Peace, Force & Joy

HISTORIOLOGICAL DISCUSSIONS Silo

| Prologue | Chapter One | Chapter Two | Chapter Three |

The objective of our work is to elucidate the necessary prerequisites for the scientific grounding of Historiology. Clearly to claim scientificity, about historical events is not enough. Neither is the accompaniment of investigation with resources granted by new technologies today. Certainly such discipline would not become a science by simply wanting it to be so, by making ingenious contributions, or by obtaining sufficient informative achievements, but by threshing out the difficulties presented by an ordinary questioning (from the origin itself of the problem). This writing does not deal with an ideal or desirable model of historical construction but with the possibility of coherent historical construction.

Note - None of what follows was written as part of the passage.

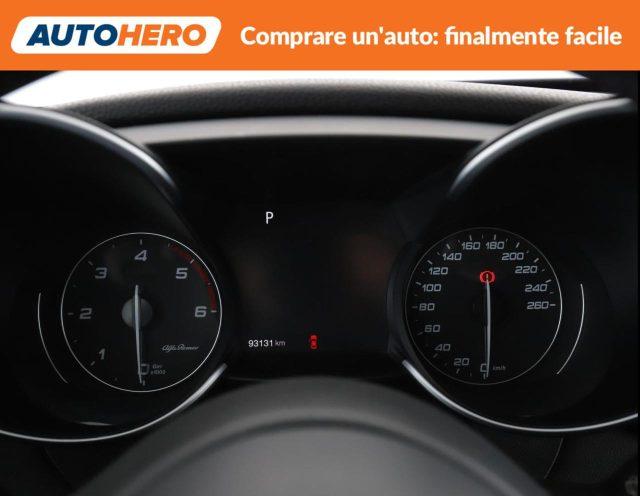 ALFA ROMEO Giulia 2.2 Turbodiesel 180 CV AT8 Super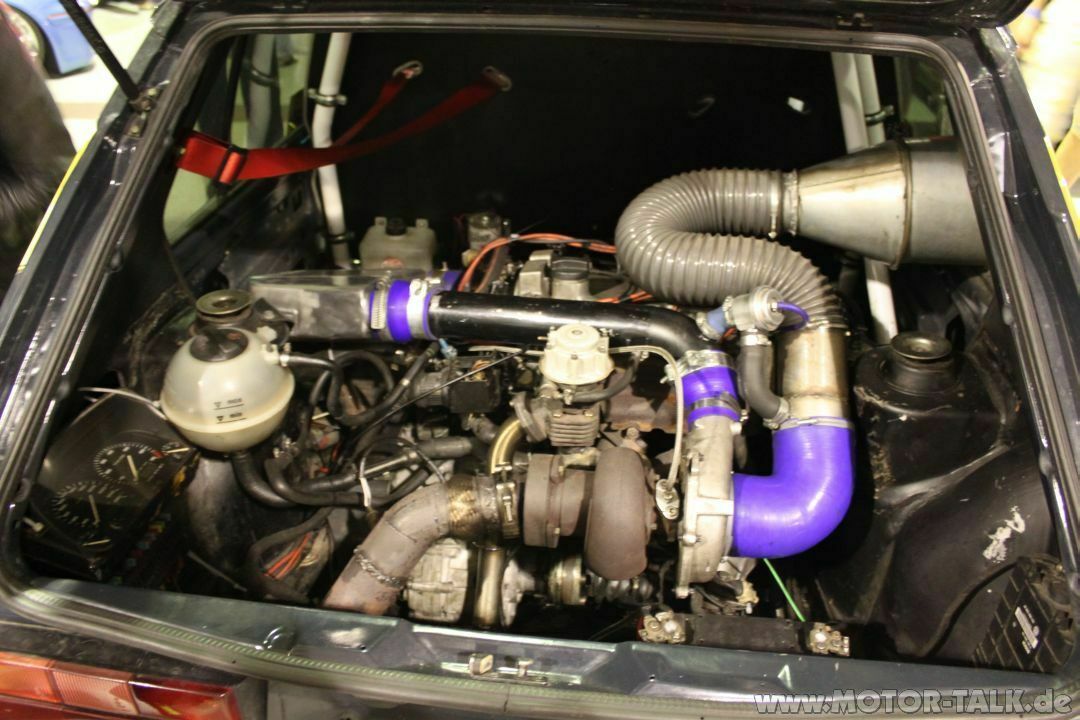 XS-Carnight 2011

To be sure, in the present work, "History is not understood in the classical meaning given to the term. In Historia Animalium, we recall them by, such activity became a simple recount of successive events. Then History (or Historiography) became a knowledge of "facts" ordered chronologically, always dependent on available informative materials, sometimes scant, sometimes extremely abundant. But what was disconcerting was when all those portions obtained through investigation were presented as if they were historical reality itself, as of course, the historian did not establish order, set priorities among the information, and structure his account by selecting and expurgating the sources used. Thus he ended by believing that the historiological task was not interpretative.

Today the defenders of such attitude recognize some technical and methodological difficulties, although that they insist that their work is valid because their intention in such respect is dedicated to historical truth (i.e. not to falsify facts) and vigilance over the avoidance of all a priori metaphysical forcing.

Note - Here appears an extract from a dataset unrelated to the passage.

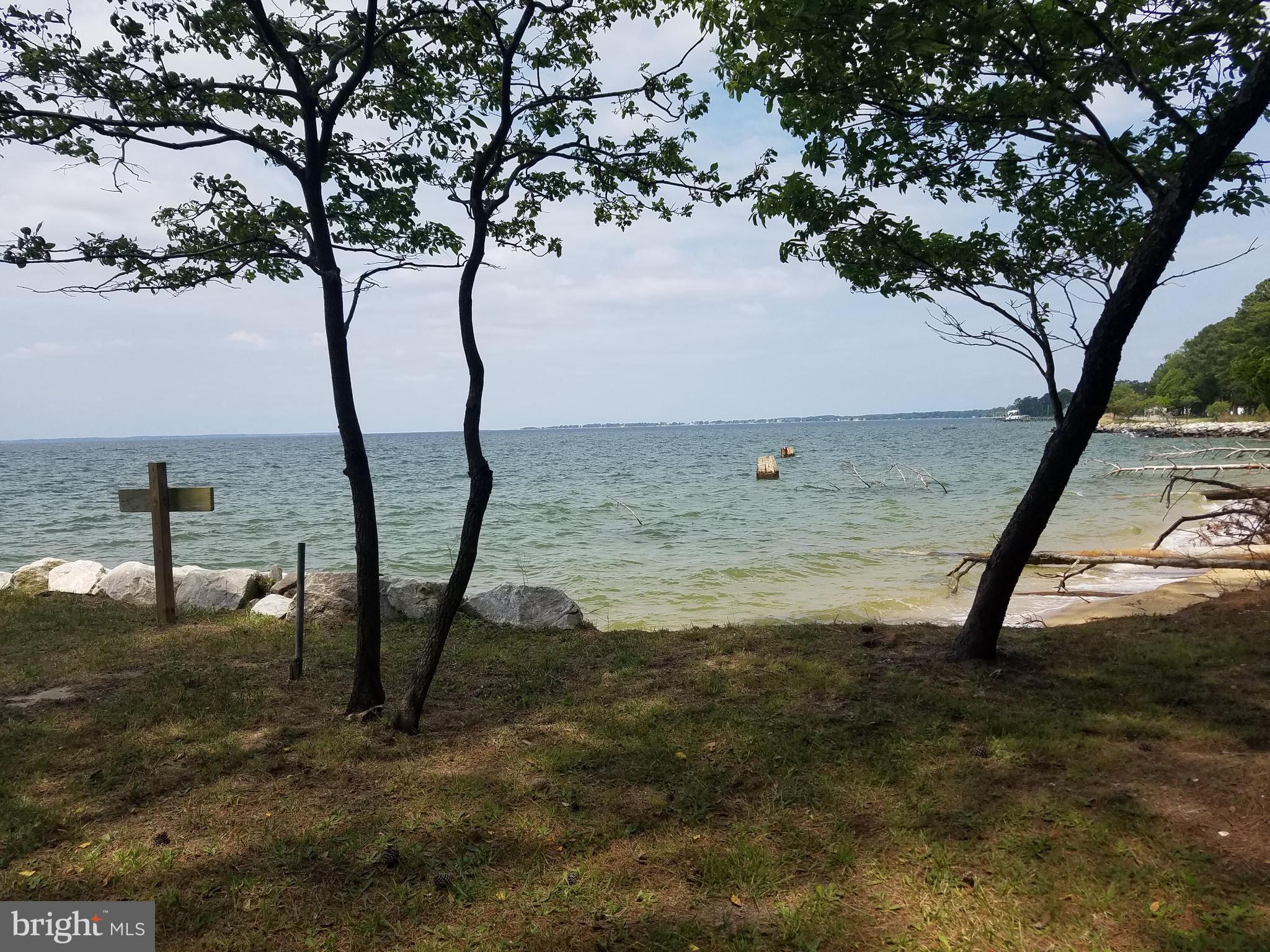 ST GEORGES ISLAND - Residential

Because of the preceding, Historiography has become a sort of dormant ethicism, justified as scientific rigor, which begins by considering historical phenomena viewed from "outside" disregarding the historian's "look" and, therefore, his distortion.

Obviously we shall not adopt the position mentioned. For us, it will be of great interest to make an interpretation of History, better yet a philosophy of History, that would go beyond simple recount (or beyond simple "chronicle", as B. Croce ironically remarked). In any case, we shall ignore the supposition that such philosophy must be based on sociology, a theology or even a psychology, for such an intellectual construction that accompanies the historiographical task to be minimally conscious.

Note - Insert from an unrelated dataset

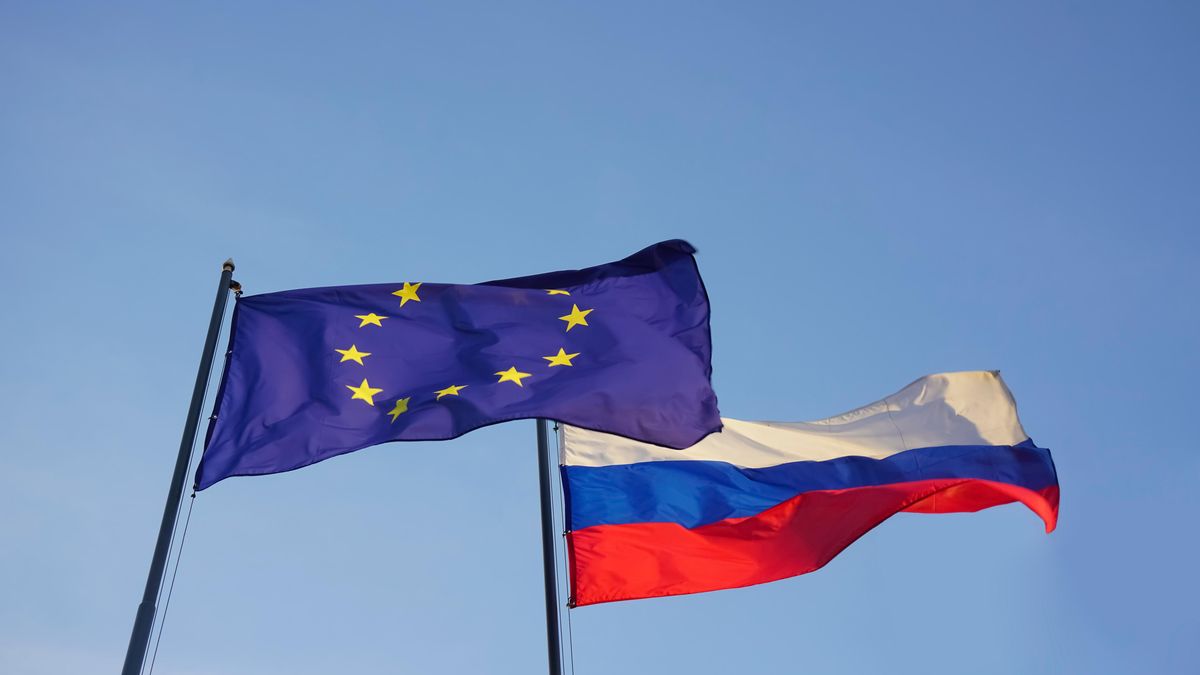 EU prodloužila sankce vůči Rusku, Maďarsko nakonec ustoupilo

To end this: we shall use the term "Historiology" instead of "Historiography" or "History", since the last two terms have been used by many authors with implications so diverse that their meanings have become erroneous today. Regarding the first, the term "historiology", we shall adopt the meaning that Ortega gave it.1 On the other hand, the word "history" (in lower case) shall refer to the historical fact, not to the science in question.